An artist’s life, a pact with the devil, and the dangerous illusions of the silver screen.
G.W. Pabst, one of cinema’s greatest directors of the 20th century, was filming in France when the Nazis seized power. To escape the horrors of the new and unrecognizable Germany, he fled to Hollywood. But now, under the blinding California sun, the world-famous director suddenly looks like a nobody. Not even Greta Garbo, the Hollywood actress whom he made famous, can help him.
When he receives word that his elderly mother is ill, he finds himself back in his homeland of Austria, which is now called Ostmark. Pabst, his wife, and his young son are suddenly confronted with the barbaric nature of the regime. So, when Joseph Goebbels—the minister of propaganda in Berlin—sees the potential for using the European film icon for his directorial genius and makes big promises to Pabst and his family, Pabst must consider Goebbels’s thinly veiled order. While Pabst still believes that he will be able to resist these advances, that he will not submit to any dictatorship other than art, he has already taken the first steps into a hopeless entanglement.

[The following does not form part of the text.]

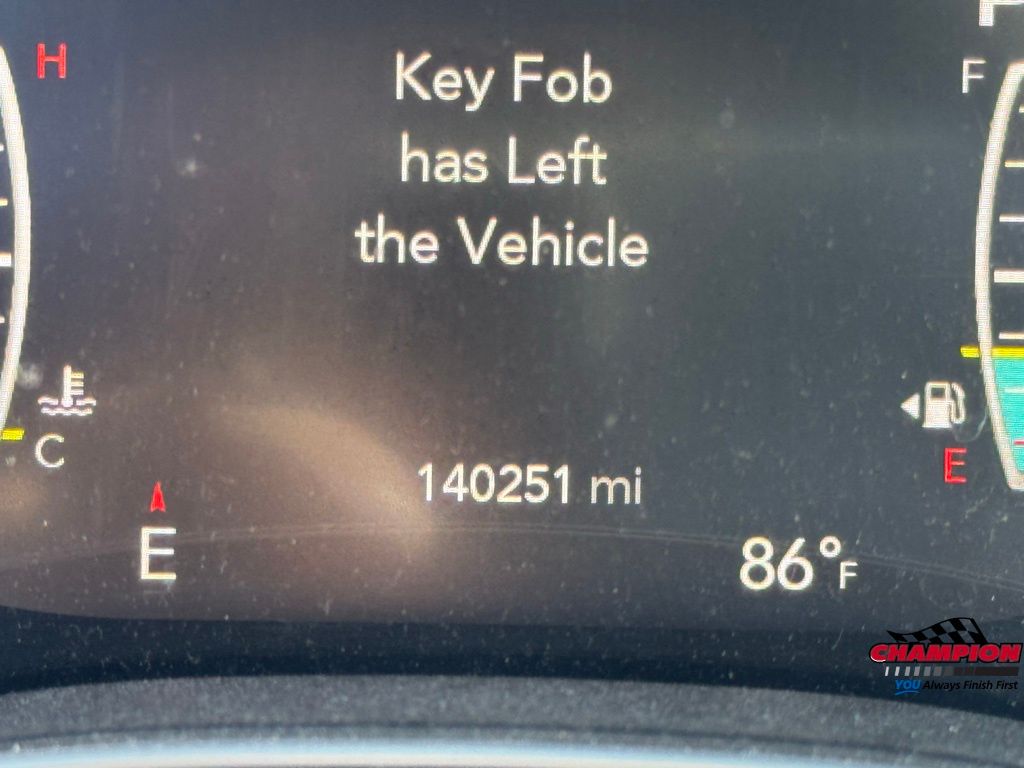 2019 Chrysler Pacifica Touring Plus photo 11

Kehlmann’s latest oeuvre explores the complicated relationships and distinctions between art and power, beauty and barbarism, cog and conspirator.
PUBLISHERS WEEKLY
Tyll author Kehlmann offers a clear-eyed and propulsive chronicle of Austrian filmmaker G.W. Pabst (1885–1967), whose achievements included launching the careers of Greta Garbo and Louise Brooks before he reluctantly collaborated with the Nazis. As an expat in 1930s Hollywood, Pabst enjoys a reputation as a gifted artist and is eager to continue working. His latest idea is a parable for the rise of fascism in Europe, but his pitch doesn't sell, and he's reduced to making a superficial romance. He returns to his native Austria with his wife and their son after learning that his mother's health has declined. But the homecoming is an unpleasant one, as the Nazis have just taken over. Pressure on Pabst escalates after Germany invades Poland and he's summoned to Berlin, where he's coerced into making propaganda films. Though he survives WWII, his reputation is stained by his complicity with the Nazis. Kehlmann is especially effective at illustrating the ease with which people accept the realities of living in a violent police state. As one of Pabst's colleagues puts it to him, "You have to be extremely careful not to say anything wrong, even more so since the beginning of the war. But once you get used to it and know the rules, you feel almost free." It's a searing look at the mechanics of complicity.